Source records:

########################################

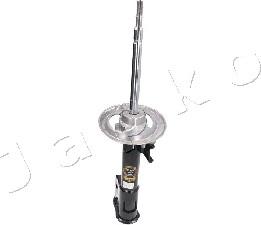 Japko MJ00320 - Shock Absorber autospares.lv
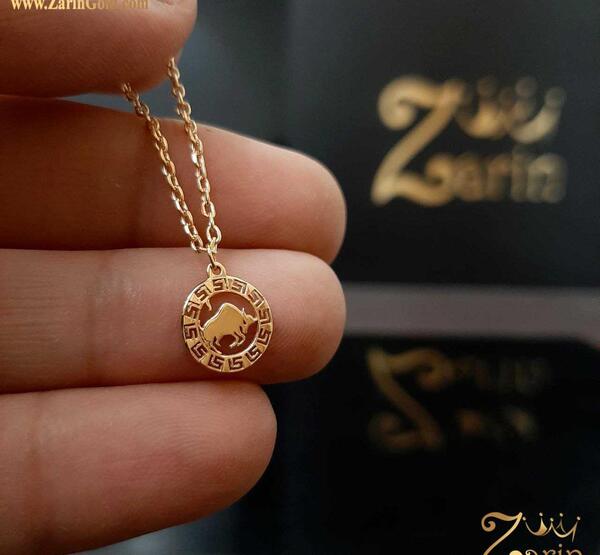 دانلود عکس اویز ساعت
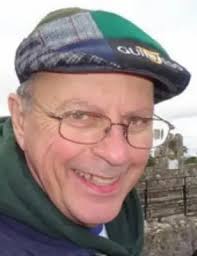 Obituary information for Mike Hubbard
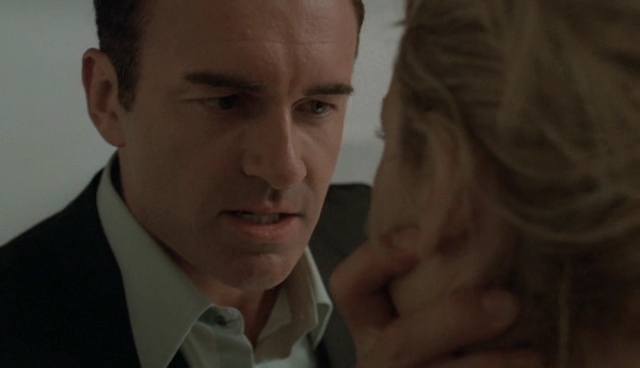 Charmed-Online-dot-NL-NipTuck4x02-1752.jpg Charmed-Online-dot-NL-NipTuck4x02-1752.jpg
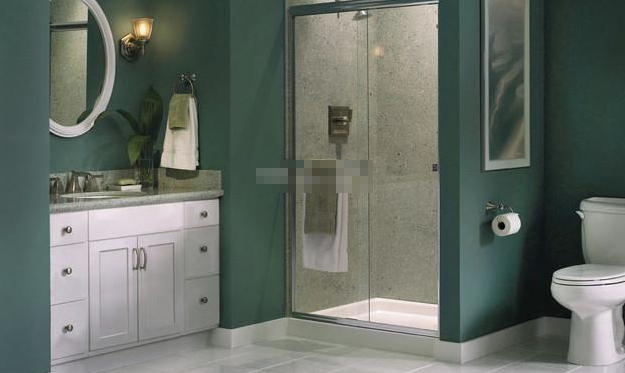 影响健康的卫浴风水大揭秘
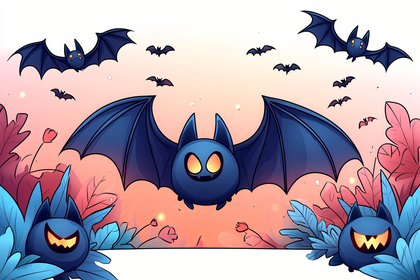 | Free Vectors, Photos, Artwork Images | 123Freevectors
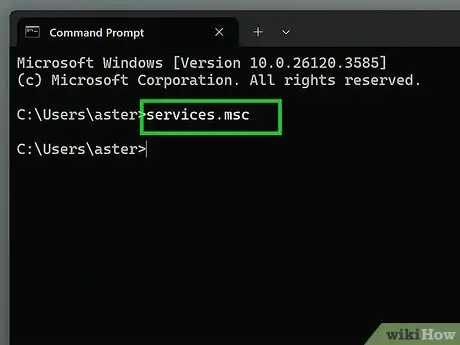 Open-Windows-services.msc.webp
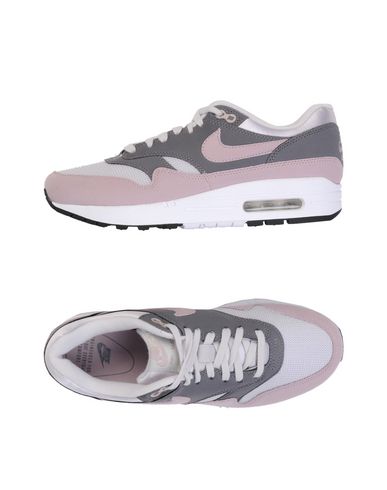 air max 1 mujer air max 1 mujer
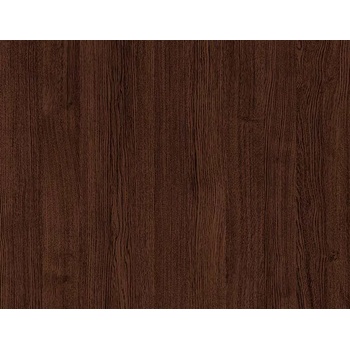 Image 1 of KRONOSPAN 854 bs /ДО/ ВЕНГЕ / wenge 2800х2070х25 (854 bs)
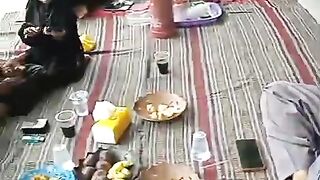 Arisan 5
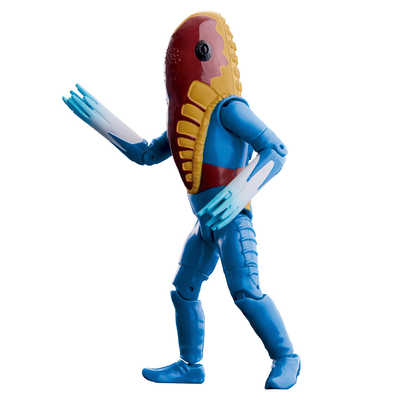 バンダイ BANDAI ウルトラマン ウルトラアクションフィギュア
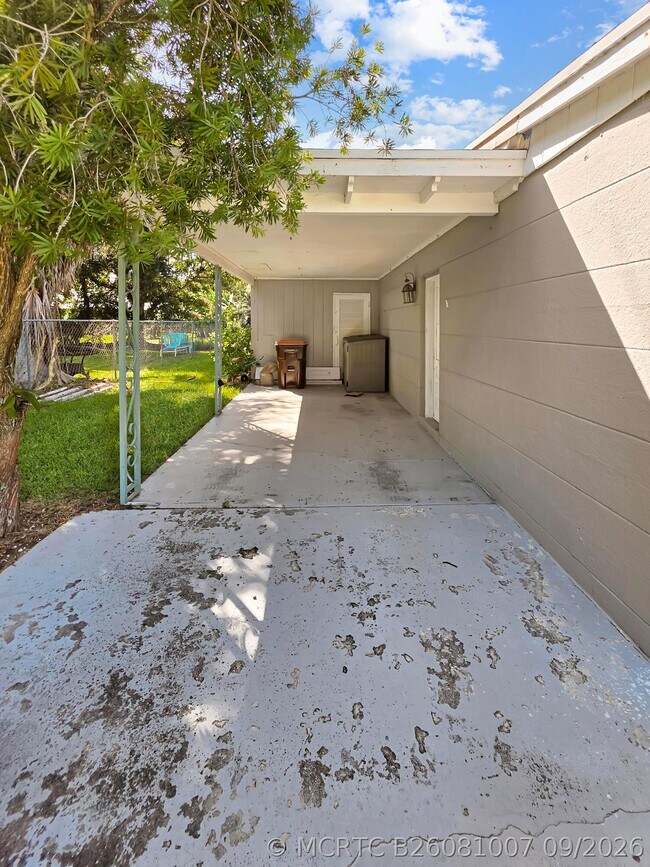 1331 3rd Ct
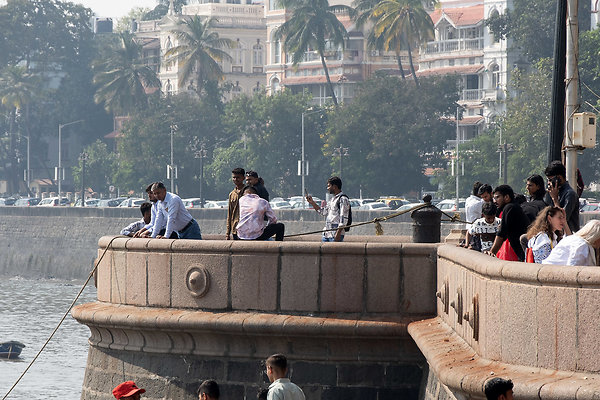 MUMBAI DIR SCOUT DAY 1 039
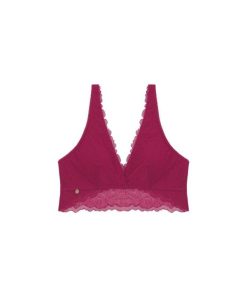 Trendinex.shopbb8925c421 8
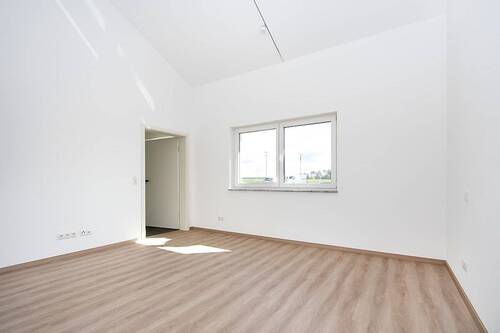 Detailbild - Bungalow mit 100,80 m&sup2; in Wald-Sentenhart zum Kaufen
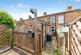 Additional image 14 of Mount Pleasant, Louth LN11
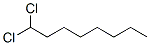 1,1-dichlorooctane CAS#: 20395-24-8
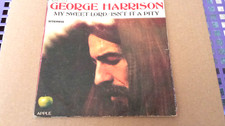 George harrison sweet usato  Milano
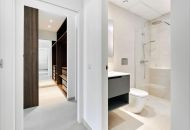 Nueva construcción  - Bungalow - Torrevieja
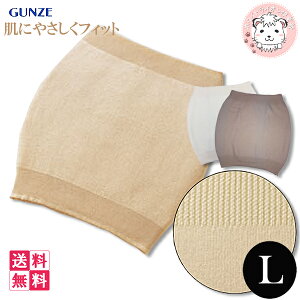 ͂܂ 3Zbg Y  O[ ͂܂ E[  { HAM900B L tFPA tFebN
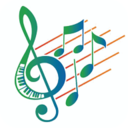 乐器调音下载最新版（暂无下载）_乐器调音app免费下载安装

########################################

Exercise aim: Word for word, repeat the lines above from the one with "Images | 123Freevectors" through the one with "George harrison sweet", and nothing beyond them. Omit the pictures.

Written response:
 | Free Vectors, Photos, Artwork Images | 123Freevectors
 Open-Windows-services.msc.webp
 air max 1 mujer air max 1 mujer
 Image 1 of KRONOSPAN 854 bs /ДО/ ВЕНГЕ / wenge 2800х2070х25 (854 bs)
 Arisan 5
 バンダイ BANDAI ウルトラマン ウルトラアクションフィギュア
 1331 3rd Ct
 MUMBAI DIR SCOUT DAY 1 039
 Trendinex.shopbb8925c421 8
 Detailbild - Bungalow mit 100,80 m&sup2; in Wald-Sentenhart zum Kaufen
 Additional image 14 of Mount Pleasant, Louth LN11
 1,1-dichlorooctane CAS#: 20395-24-8
 George harrison sweet usato  Milano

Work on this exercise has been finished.